KUŞ SESİ DİNLEYENE KADAR MÜCADELEYE DEVAM
Kuşdili Çayırı’nın yapılaşmadan kurtarılmasına büyük destek sağlayan Kuşdili Gönüllüleri adına açıklama yapan Gül Sökmen, “Biz Kuşdili Çayırı Gönüllüleri olarak, bu alanda yapılaşma gündeme geldiği günden beri, hem hassasiyetimizi dile getirdik hem de buranın yeşil alan olarak kalması için Mimarlar Odası ile birlikte çalıştık” dedi. Sökmen, sözlerini şöyle sürdürdü:
“Binlerce imza topladık, etkinlikler yaptık. Tek amacımız; buranın yaşam alanı olması. Zaten burası sit alanı olarak tescil etmiş, biz de karınca kararınca bu tescilli kararın hayata geçmesine destek olduk. Verilen bu karar biz Kuşdili Çayırı Gönüllülerini de çok sevindirdi.
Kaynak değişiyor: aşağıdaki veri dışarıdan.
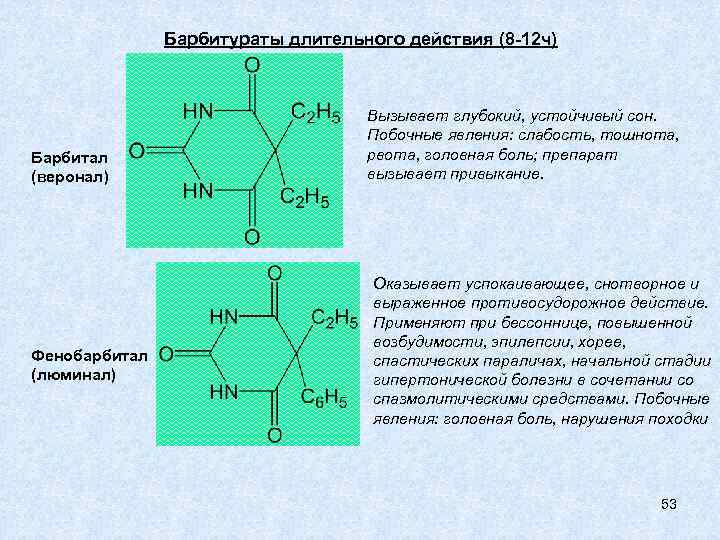     Барбитураты длительного действия (8 -12 ч)    Вызывает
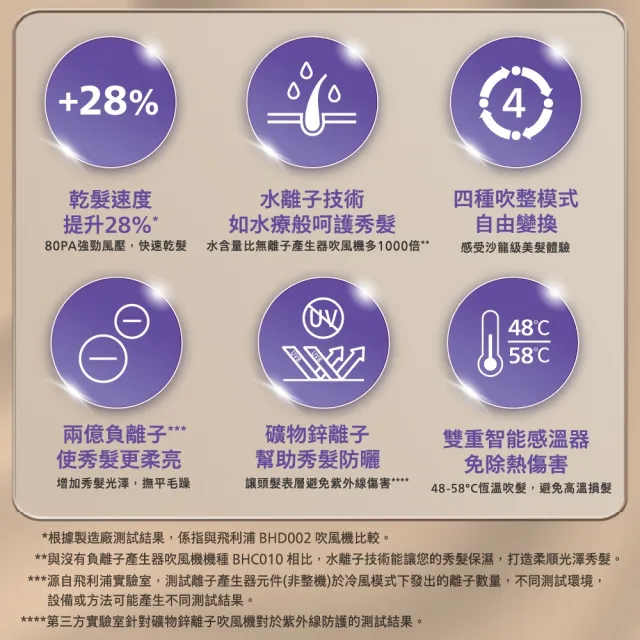 【Philips 飛利浦】BHD720 水光感護色溫控吹風機 (霧銀紫/2億負離子/水離子/官方直營)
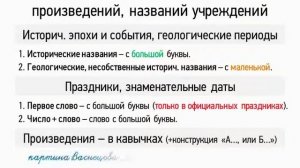 Правописание исторических эпох, праздников... (6 класс, видеоурок-презентация)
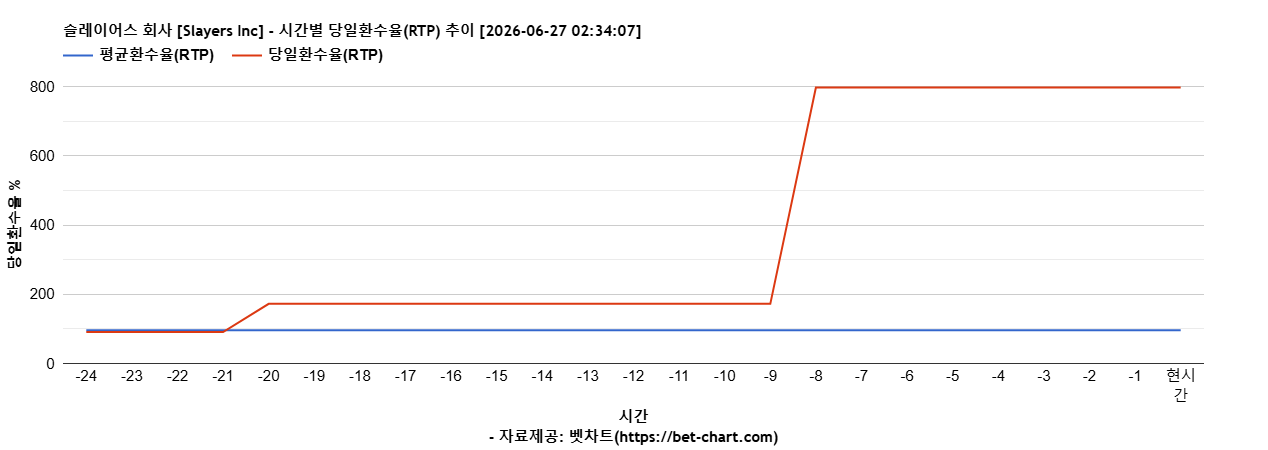 슬레이어스 회사 [Slayers Inc] 차트 추천 차트이미지
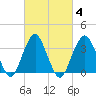 Manasquan Inlet tide chart for Friday, March 4, 2022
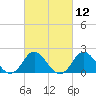 Tide chart for Yorktown USCG, Virginia on 2021/03/12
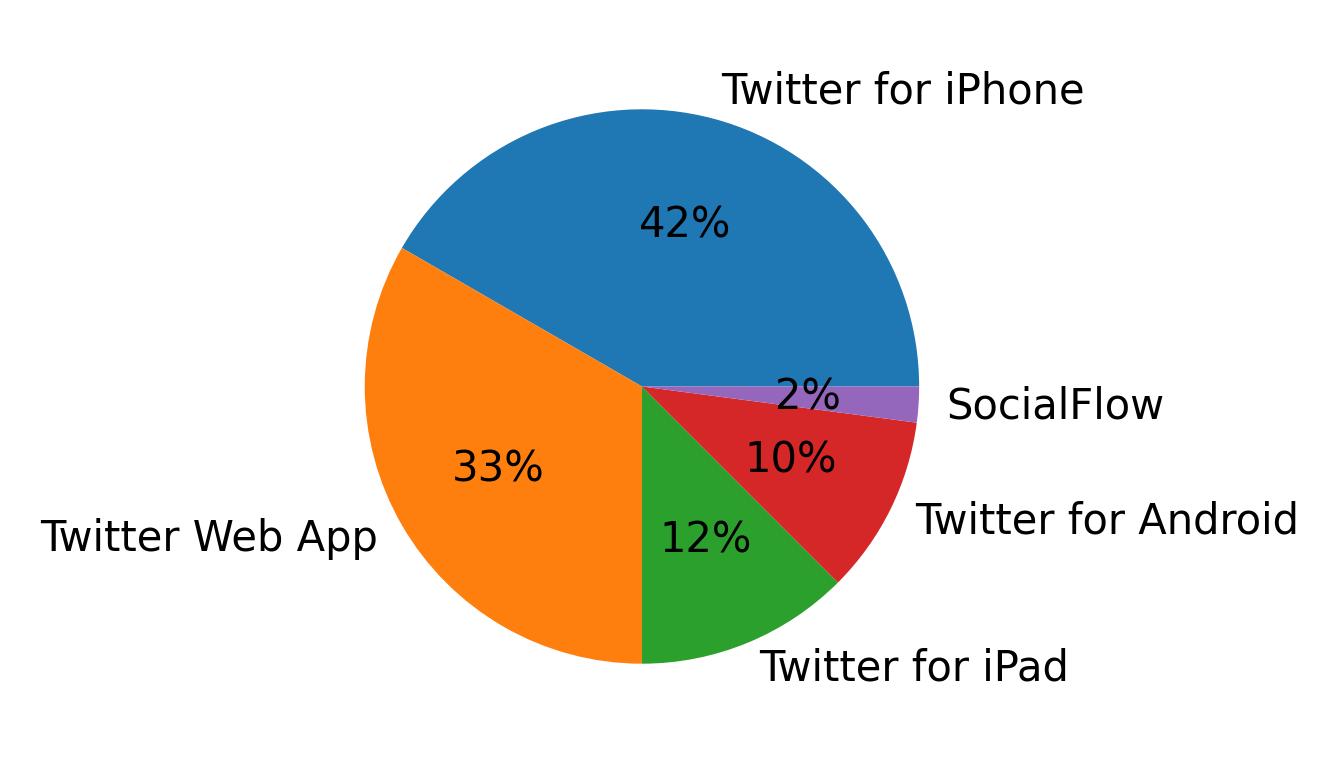 Tweet icin kullanilan cihazlar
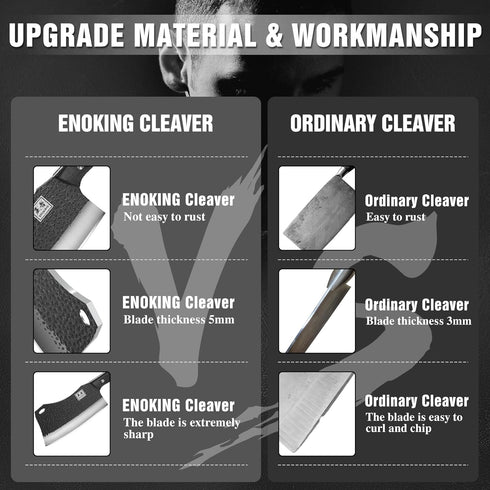ENOKING Hand Forged Cleaver Knife, German High Carbon Stainless Steel Butcher Knife for Meat Cutting, Full Tang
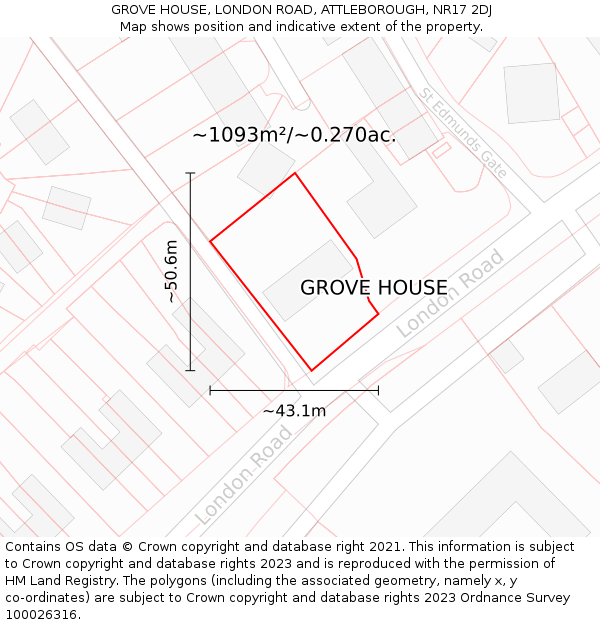 GROVE HOUSE, LONDON ROAD, ATTLEBOROUGH, NR17 2DJ: Plot and title map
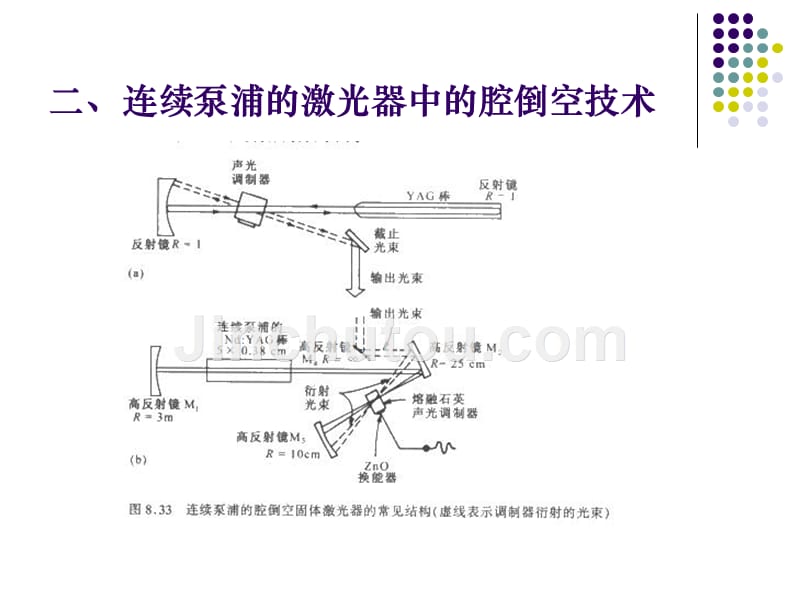 &#167;4.5 腔倒空技术_第4页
Mutlu olduk, bu kararın alınmasında bir nebze katkımız vardır diye gurur duyduk. Ancak, ‘bu iş bitti’ demiyoruz, nihai karar verilene, o çayırda ağaçlar altında kuş sesi dinleyene kadar da üzerimize düşeni yapacağız, mücadeleyi elden bırakmayacağız.”
KUŞDİLİ'NİN ÖNEMİ...
Doğal sit alanı olmasının yanı sıra tarihi yapısıyla da önemli bir alan olan Kuşdili Çayırı, Kurbağalıdere’deki kurbağaların sesini, üzeri örtülü kafeslerdeki saka, iskete, florya kuşlarına dinleterek, onların kanarya gibi “makara çekmesini” sağlayan kuşbazların, bu olaydan dolayı “Kuş Dili” adını verdikleri bu çayır, en az yüz yıldır Kadıköy tarihinde yer alıyor. Kadıköylüler 1900’lü yılların başlarında buradaki dere kenarında gezinirler, diğer taraflarda piknik, panayır gibi etkinliklerde bulunurlardı. Daha sonra uzun yıllar bayram yeri olarak da kullanılmış olan bu çayırda Fenerbahçe Spor Kulübü Lokali, Hamdi’nin Gazinosu, tramvay deposu olarak bilinen hangarda Kuşdili Sineması gibi önemli sosyal tesisler vardı. Yani Kuşdili Çayırı ortasından geçen Kurbağalıdere’si ile tam bir mesire yeriydi. Arkeologlar Derneği İstanbul Şubesi'ne göre bu alan, İstanbul tarihinin bilinen en eski buluntularını saklıyor. Fikirtepe gibi, yakın çevrede yapılabilen az sayıda arkeolojik kazı, Kuşdili Çayırı’ndaki buluntuların günümüzden 8 bin yıl öncesine uzandığını gösteriyor. Kadıköy’ün imar görmemiş son alanlarından olan yaklaşık 50 bin metrekarelik Tarihi Kuşdili Çayırı, burası aynı zamanda olası bir İstanbul depreminde Kadıköy’de çadır kurulabilecek ender alanlardan biri olarak da öne çıkıyor.